No one knew where the man had come from. Privately, she had sometimes wondered whether he was just a droid. There was certainly no indication otherwise, except for his terrifying mastery of the Force. But if Kenobi had lead him to fall...

"Who is Vader?" she said. "Who could have possibly-" Kenobi shook his head, and she fell silent.

"It doesn't matter," he said, though the look on his face said the opposite. "My friend is dead. What remains - What is called Darth Vader is just a shell."
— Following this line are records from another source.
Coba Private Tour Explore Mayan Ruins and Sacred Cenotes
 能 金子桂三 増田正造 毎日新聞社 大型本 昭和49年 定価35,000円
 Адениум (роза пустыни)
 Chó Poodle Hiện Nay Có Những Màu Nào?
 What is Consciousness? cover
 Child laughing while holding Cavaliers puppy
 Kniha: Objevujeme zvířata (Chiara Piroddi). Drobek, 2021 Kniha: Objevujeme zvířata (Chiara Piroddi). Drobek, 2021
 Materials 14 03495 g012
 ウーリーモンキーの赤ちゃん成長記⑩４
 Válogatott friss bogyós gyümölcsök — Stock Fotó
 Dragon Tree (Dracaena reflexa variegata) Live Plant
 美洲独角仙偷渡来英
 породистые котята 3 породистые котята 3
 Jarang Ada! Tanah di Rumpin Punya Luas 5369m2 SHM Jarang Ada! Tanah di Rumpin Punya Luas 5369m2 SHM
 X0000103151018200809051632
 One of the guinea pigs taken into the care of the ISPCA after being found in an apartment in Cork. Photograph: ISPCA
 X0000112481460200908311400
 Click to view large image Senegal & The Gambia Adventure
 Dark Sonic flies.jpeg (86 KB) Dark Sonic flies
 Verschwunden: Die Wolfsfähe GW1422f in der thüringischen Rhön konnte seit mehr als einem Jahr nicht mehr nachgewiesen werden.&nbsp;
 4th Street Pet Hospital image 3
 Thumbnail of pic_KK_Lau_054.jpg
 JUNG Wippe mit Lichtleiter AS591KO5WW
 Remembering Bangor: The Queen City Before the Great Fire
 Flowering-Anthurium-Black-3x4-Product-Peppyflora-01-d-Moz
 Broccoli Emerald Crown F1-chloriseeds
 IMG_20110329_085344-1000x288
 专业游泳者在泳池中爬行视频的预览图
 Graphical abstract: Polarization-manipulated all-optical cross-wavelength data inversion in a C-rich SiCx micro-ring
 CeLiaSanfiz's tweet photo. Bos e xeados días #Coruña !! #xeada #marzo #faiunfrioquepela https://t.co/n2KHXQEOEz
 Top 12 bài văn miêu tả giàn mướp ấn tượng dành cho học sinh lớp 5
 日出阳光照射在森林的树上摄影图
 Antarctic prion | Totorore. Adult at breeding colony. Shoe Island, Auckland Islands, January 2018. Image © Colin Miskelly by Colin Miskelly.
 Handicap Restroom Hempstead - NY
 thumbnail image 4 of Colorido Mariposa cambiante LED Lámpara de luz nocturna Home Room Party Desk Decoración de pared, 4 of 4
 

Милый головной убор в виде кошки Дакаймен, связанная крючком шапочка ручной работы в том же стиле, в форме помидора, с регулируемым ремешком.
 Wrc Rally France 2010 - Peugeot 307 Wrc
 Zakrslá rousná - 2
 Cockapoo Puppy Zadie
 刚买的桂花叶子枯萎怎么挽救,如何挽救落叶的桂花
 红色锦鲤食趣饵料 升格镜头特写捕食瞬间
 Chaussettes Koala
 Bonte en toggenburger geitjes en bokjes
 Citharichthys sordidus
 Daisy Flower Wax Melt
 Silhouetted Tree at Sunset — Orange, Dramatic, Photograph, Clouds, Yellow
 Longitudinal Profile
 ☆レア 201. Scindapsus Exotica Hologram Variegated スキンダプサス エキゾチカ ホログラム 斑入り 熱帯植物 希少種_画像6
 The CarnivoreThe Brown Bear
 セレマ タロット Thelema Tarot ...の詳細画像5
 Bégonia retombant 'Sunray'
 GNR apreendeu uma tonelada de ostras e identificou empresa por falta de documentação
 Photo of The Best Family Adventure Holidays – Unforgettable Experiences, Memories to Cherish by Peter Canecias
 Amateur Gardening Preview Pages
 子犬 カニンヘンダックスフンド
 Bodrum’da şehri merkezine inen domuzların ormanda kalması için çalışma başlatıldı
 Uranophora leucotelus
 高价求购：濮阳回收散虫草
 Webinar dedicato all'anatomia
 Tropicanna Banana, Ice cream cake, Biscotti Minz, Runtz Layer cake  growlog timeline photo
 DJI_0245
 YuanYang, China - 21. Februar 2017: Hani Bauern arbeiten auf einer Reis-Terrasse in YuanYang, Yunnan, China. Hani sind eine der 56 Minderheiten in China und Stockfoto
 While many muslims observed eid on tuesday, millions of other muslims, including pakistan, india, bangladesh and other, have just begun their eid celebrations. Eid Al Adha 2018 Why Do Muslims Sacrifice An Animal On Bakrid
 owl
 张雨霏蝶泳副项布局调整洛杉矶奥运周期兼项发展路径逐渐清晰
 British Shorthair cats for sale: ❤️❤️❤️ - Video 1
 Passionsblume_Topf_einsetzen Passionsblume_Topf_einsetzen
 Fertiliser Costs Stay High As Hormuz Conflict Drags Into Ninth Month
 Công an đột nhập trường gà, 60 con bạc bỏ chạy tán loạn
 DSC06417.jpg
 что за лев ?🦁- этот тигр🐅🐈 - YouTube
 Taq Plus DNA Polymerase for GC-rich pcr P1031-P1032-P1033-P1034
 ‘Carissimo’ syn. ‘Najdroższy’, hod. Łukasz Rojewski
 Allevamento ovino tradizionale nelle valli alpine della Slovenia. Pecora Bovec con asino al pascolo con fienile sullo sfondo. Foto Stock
Ventress understood. Force help her, she understood why he didn't explain what had happened, why he held onto the idea that Vader was different from his friend who had fallen. They all did what it took to survive.

* * *

They flew from planet to planet. They sparred. They took the occasional job, with Kenobi occasionally joining her. He said that it was to keep her from the Dark Side, but Ventress suspected the he enjoyed the chance to leave the ship as much as she did. They found a routine amidst it all, and gradually the feeling of danger faded.

Maul had not found them yet, and Ventress was beginning to wonder if he ever would. They were hardly conspicuous, just two bounty hunters travelling in a trash heap of a ship. Eventually Ventress began to wonder what would happen next, now that the danger seemed to have fallen away.

"Do you want to go after Vader?" she asked him one evening as they stared out at the stars. He looked intensely sorrowful.

"I had the chance to kill him once," he said. "I couldn't bring myself to. I doubt I could do it even now." She nodded, accepting it.

Some days she wondered if they ought to try to do something for the galaxy. The Rebellion could make use of them, and she was sure that any surviving Jedi would easily rally to Kenobi's banner. Other days she wondered if the tension that she had felt so many times when they had fought during the war, that she was beginning to feel again, could turn into something more, something concrete. But, then again, perhaps their days of battle and glory were gone.

Perhaps this journey would be their last, and it would be enough.


End file.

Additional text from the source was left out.